Task details
What is needed is an exact reproduction of the lines from the one that contains "Red Army Ensemble" through the end of the data, both included and nothing else, with pictures omitted.

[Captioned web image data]
----
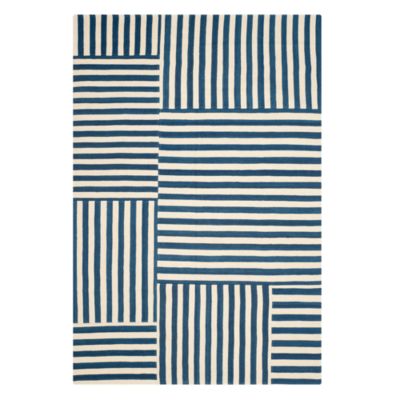 Canyon Stripe Patch Collection Area Rug, 6' x 9'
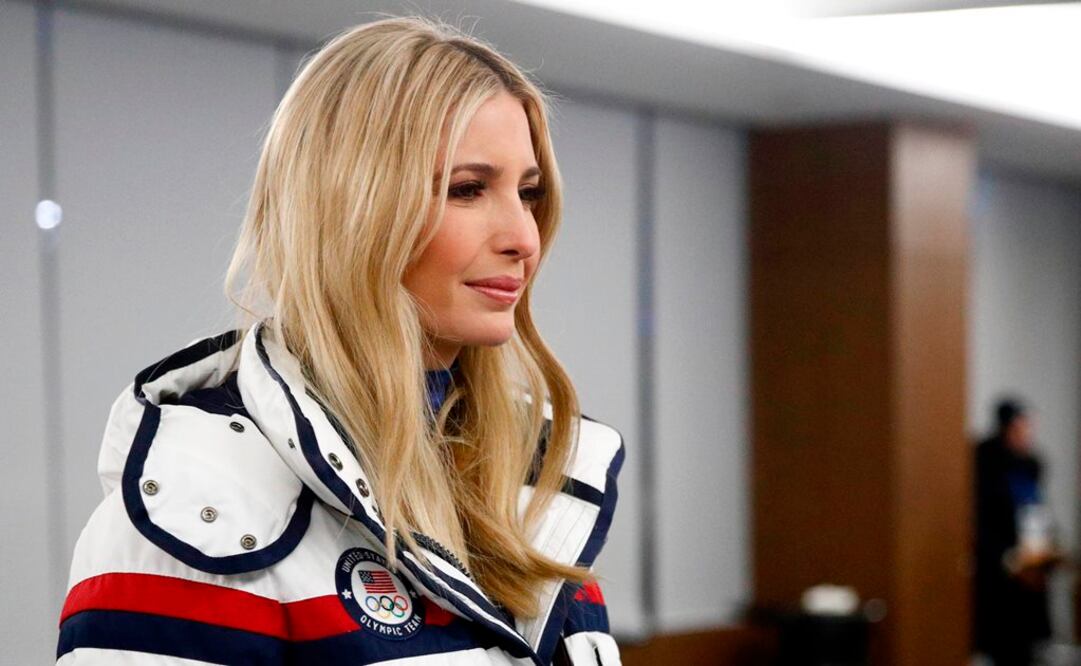 Ivanka Trump jugó un rol diplomático durante su visita a los Juegos Olímpicos, al visitar la Casa Azul en Seúl antes de dirigirse a Pyeongchang (Foto: Reuters)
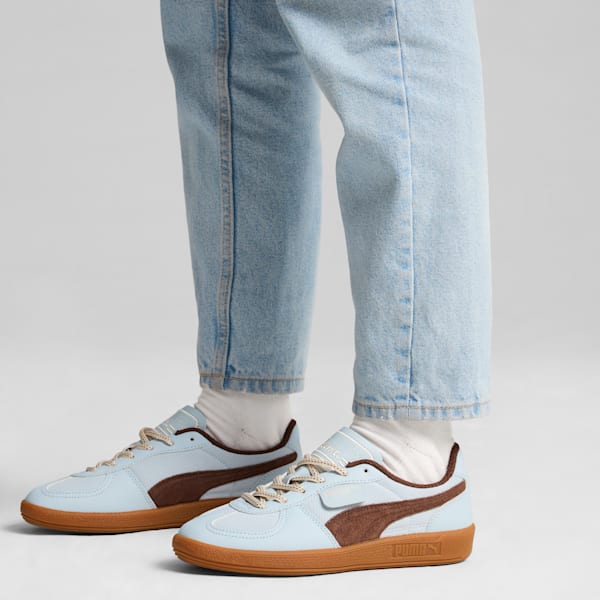 Tenis Palermo CCC para mujer, Frosted Dew-Gum, extralarge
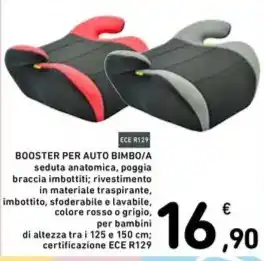 Spazio Conad BOOSTER PER AUTO BIMBO/A offerta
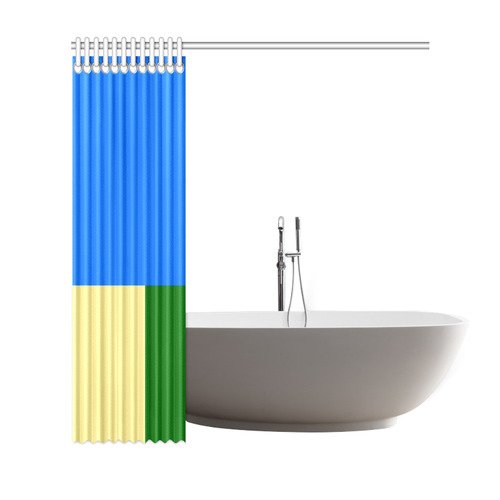 C084 JamColorMix Shower Curtain 69"x72"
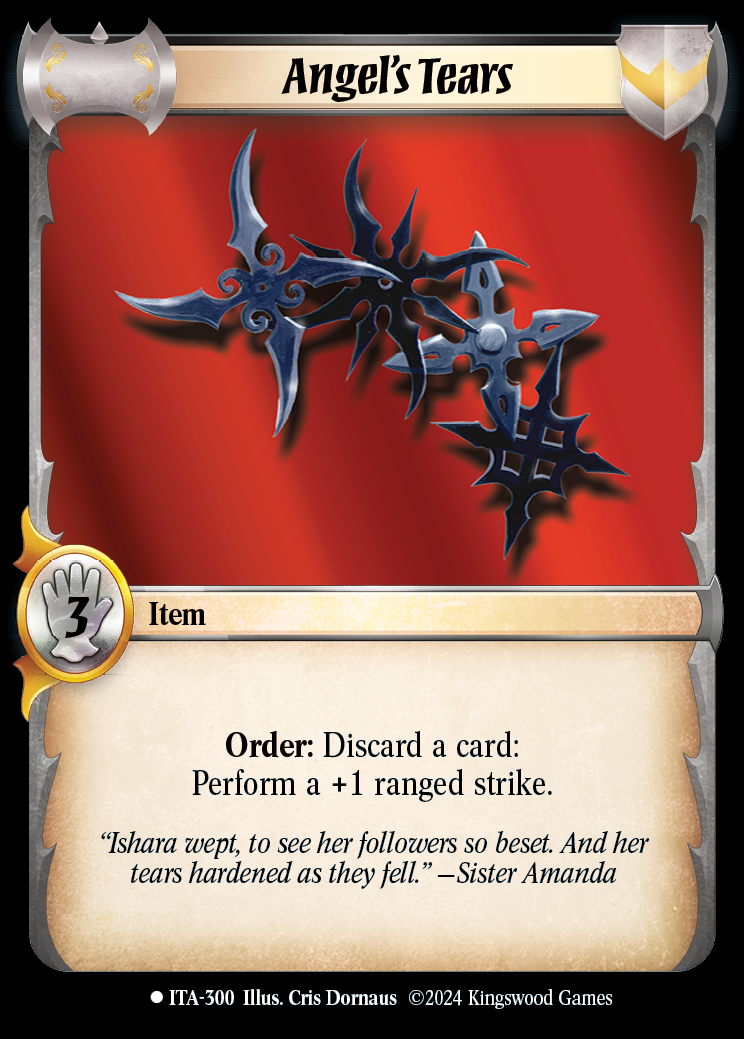 Angel's Tears - ITA 300 - Warlord: Saga of the Storm - Into the Accordlands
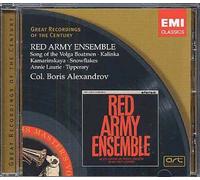 Red Army Ensemble : Song Of The Volga Boatmen, Kalinka, Kamarinskaya, Snowflakes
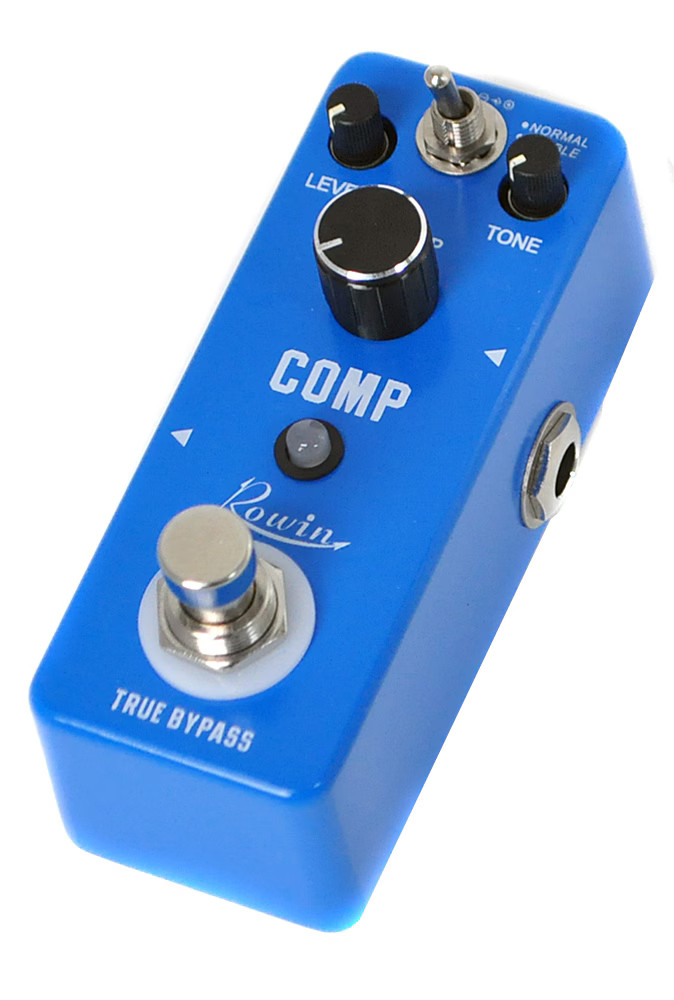ROWIN COMP Compressor Guitar Effects Pedal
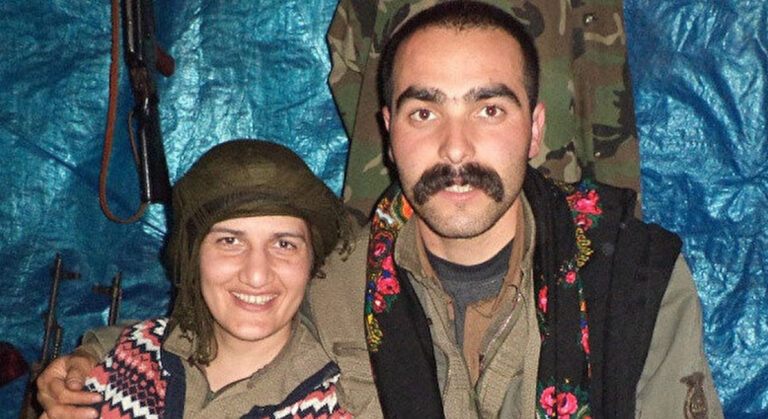 HDP Milletvekili Semra Güzel’in PKK’lı Teröristle Fotoğrafları Çıktı!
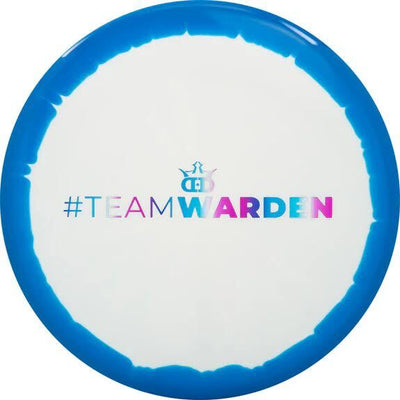 Dynamic Discs Fuzion Orbit Warden Putter with #TEAMWARDEN Stamp - Speed 2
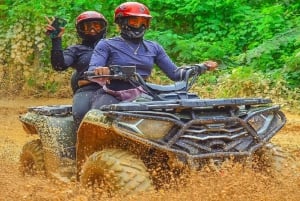 Punta Cana: wycieczka buggy z wizytą w Cenote i na plaży Macao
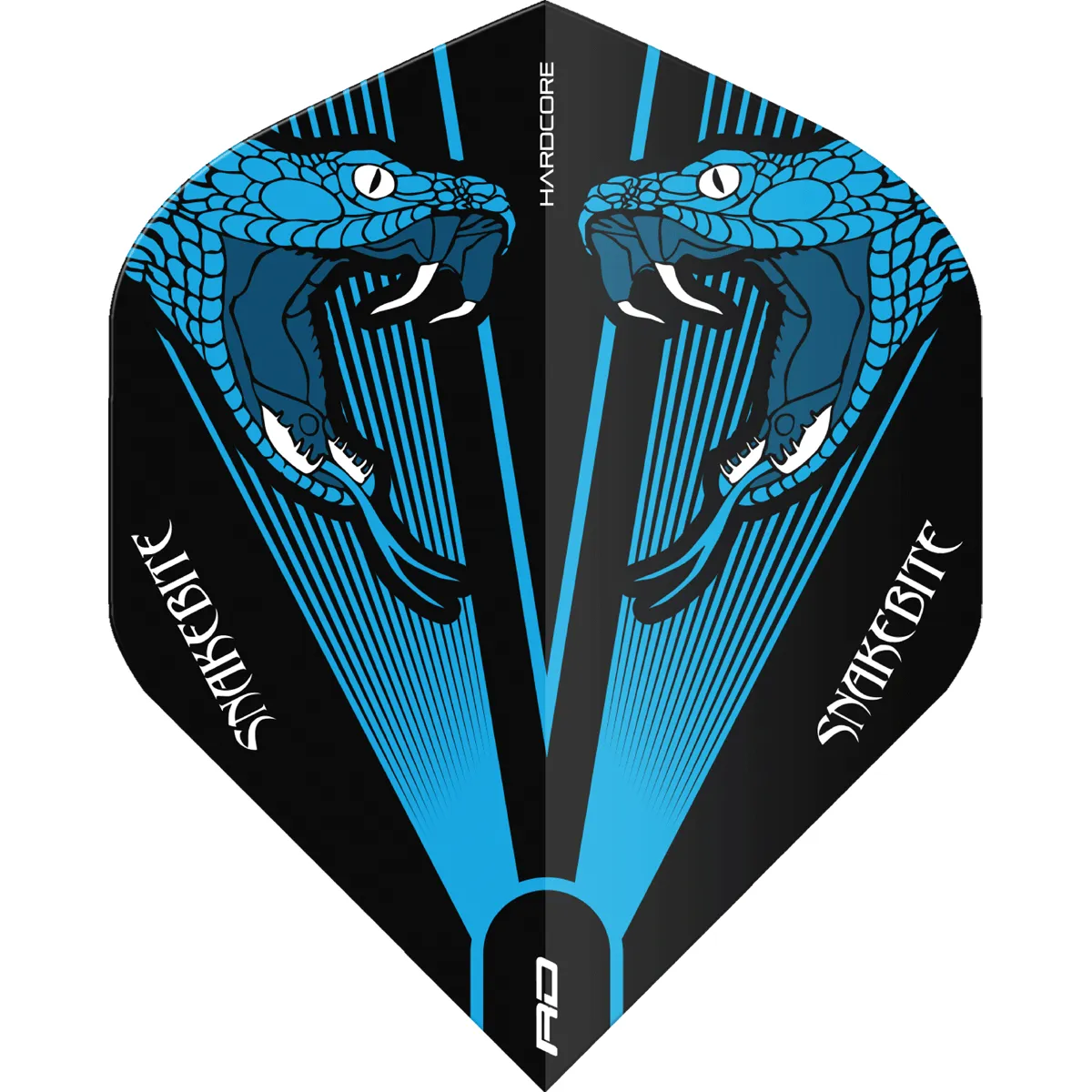 Red Dragon Peter Wright Transparent - Blue Red Dragon Peter Wright Transparent - Blue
----
Written reply
 Red Army Ensemble : Song Of The Volga Boatmen, Kalinka, Kamarinskaya, Snowflakes
ROWIN COMP Compressor Guitar Effects Pedal
 HDP Milletvekili Semra Güzel’in PKK’lı Teröristle Fotoğrafları Çıktı!
 Dynamic Discs Fuzion Orbit Warden Putter with #TEAMWARDEN Stamp - Speed 2
 Punta Cana: wycieczka buggy z wizytą w Cenote i na plaży Macao
 Red Dragon Peter Wright Transparent - Blue Red Dragon Peter Wright Transparent - Blue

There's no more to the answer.